Content starts
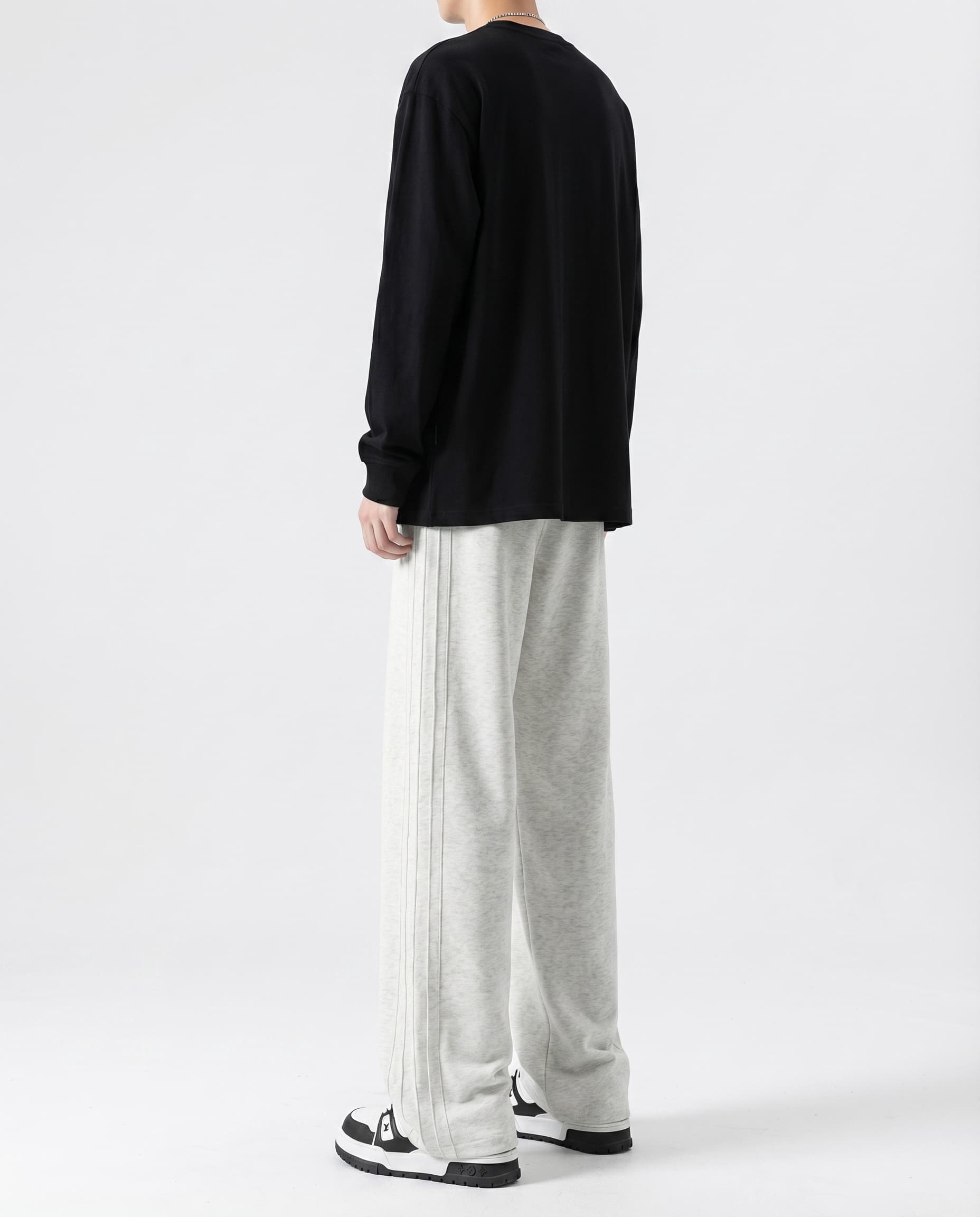 White cotton straight leg sweatpants back view on tall model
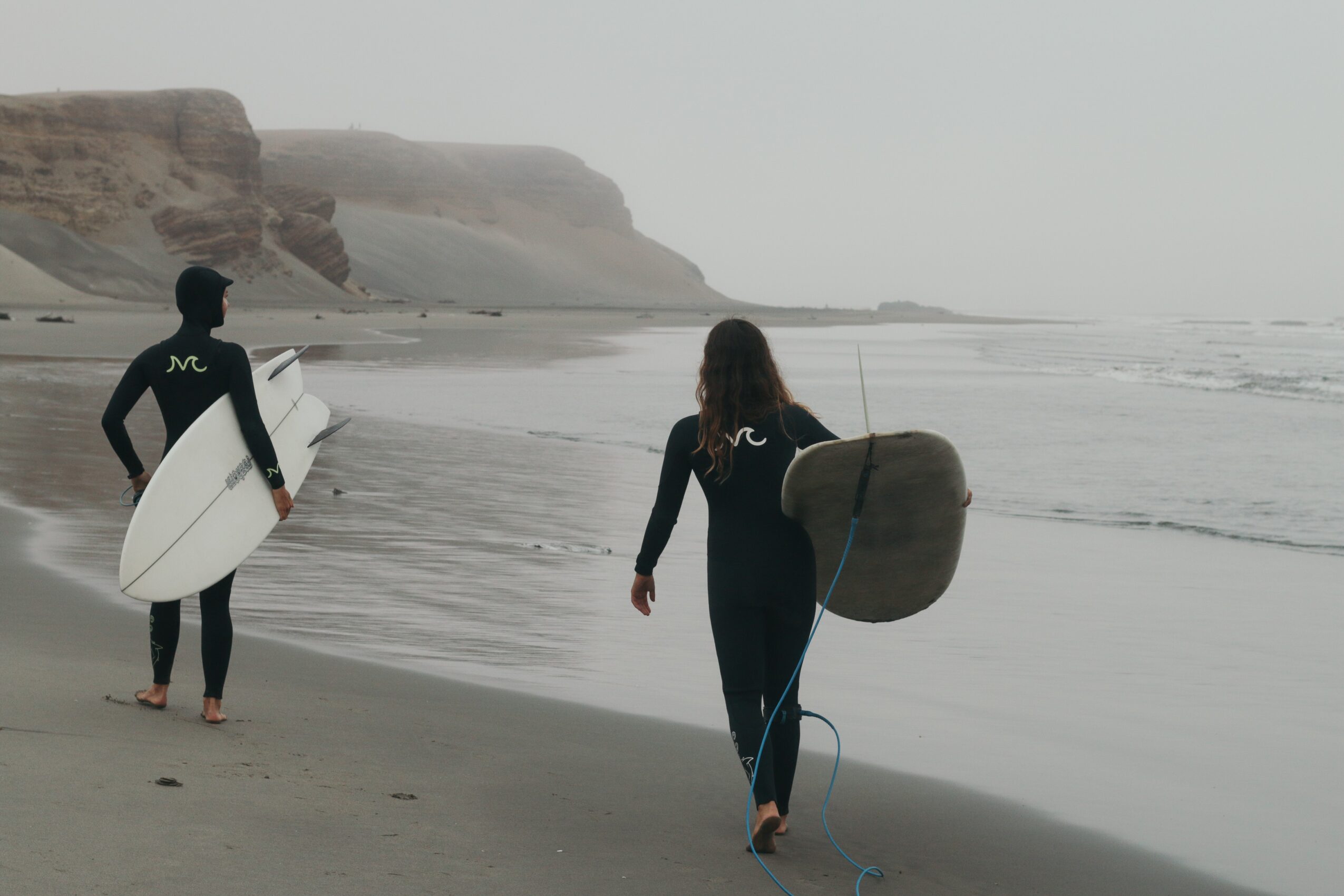 Two people with surfboards walk along a beach with cliffs in the background, overcast sky, and calm ocean waves.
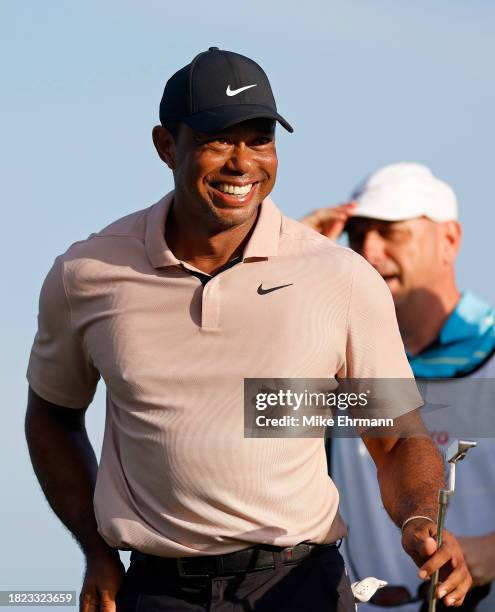 Tiger Woods of the United States walks off the 18th hole during the first round of the Hero World Challenge at Albany Golf Course on November 30,...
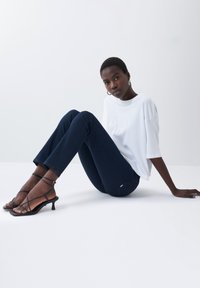 T-shirt blanc oversize, jeans slim-fit bleu foncé et sandales à talons noires à lanières. Tissu lisse avec des détails de couture minimal.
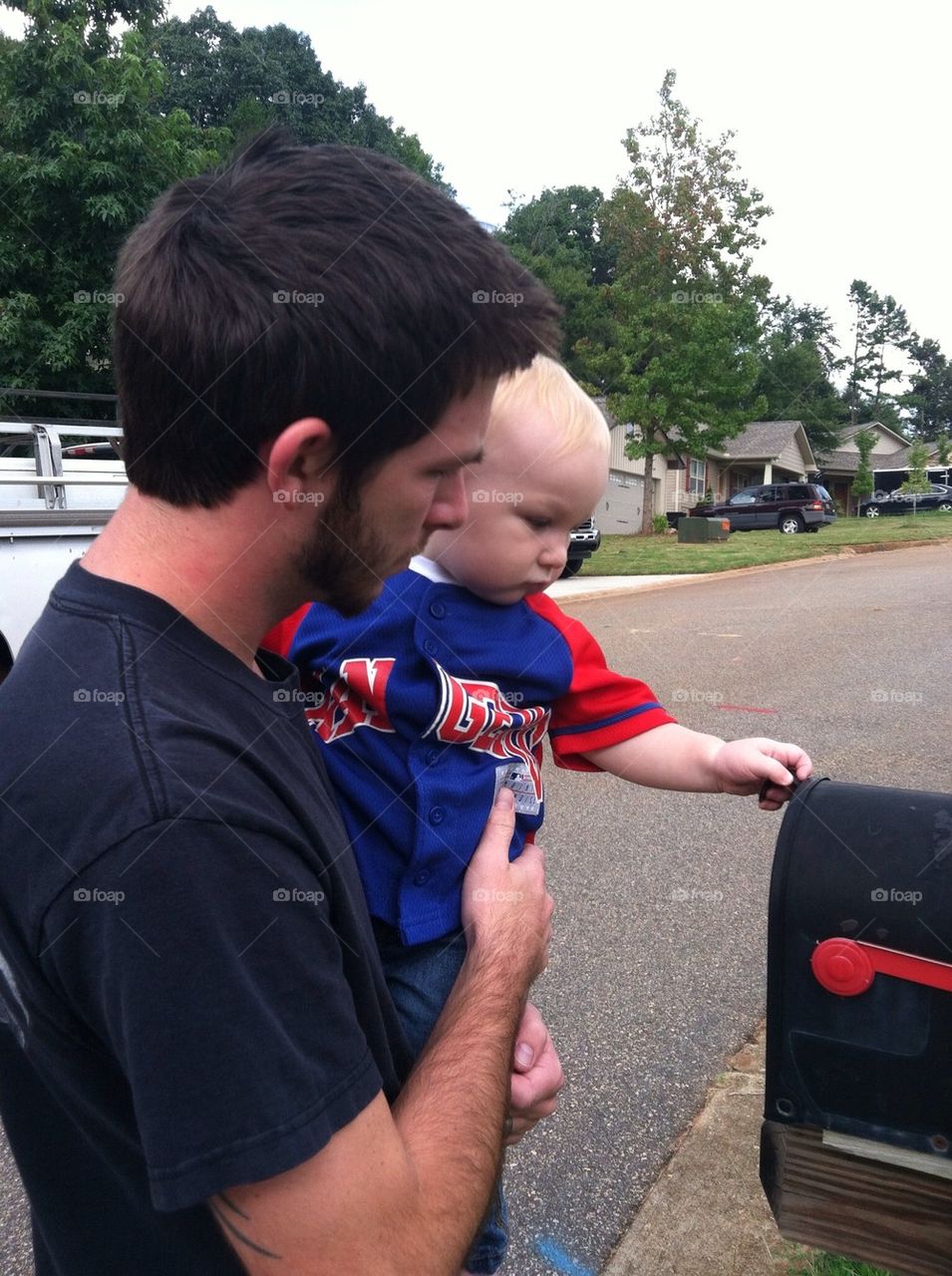 Daddy and son checking the mail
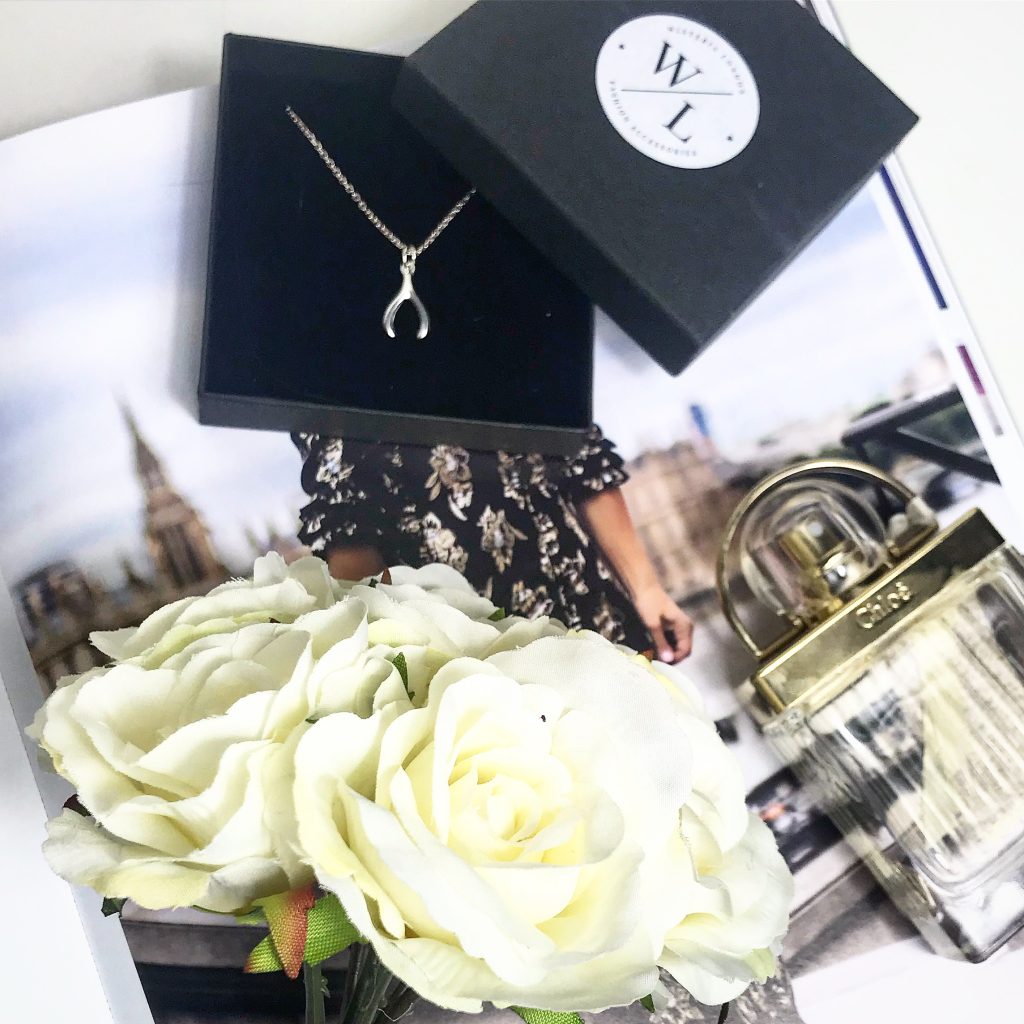 Sterling Silver Wishbone Necklace. Available on 16", 18" and 20" Chains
Content ends
What is needed is an exact copy of the lines from the one with "Tiger Woods of" through the end of the data above, both included, minus any pictures.

PROBLEM SOLUTION:
 Tiger Woods of the United States walks off the 18th hole during the first round of the Hero World Challenge at Albany Golf Course on November 30,...
 T-shirt blanc oversize, jeans slim-fit bleu foncé et sandales à talons noires à lanières. Tissu lisse avec des détails de couture minimal.
 Daddy and son checking the mail
 Sterling Silver Wishbone Necklace. Available on 16", 18" and 20" Chains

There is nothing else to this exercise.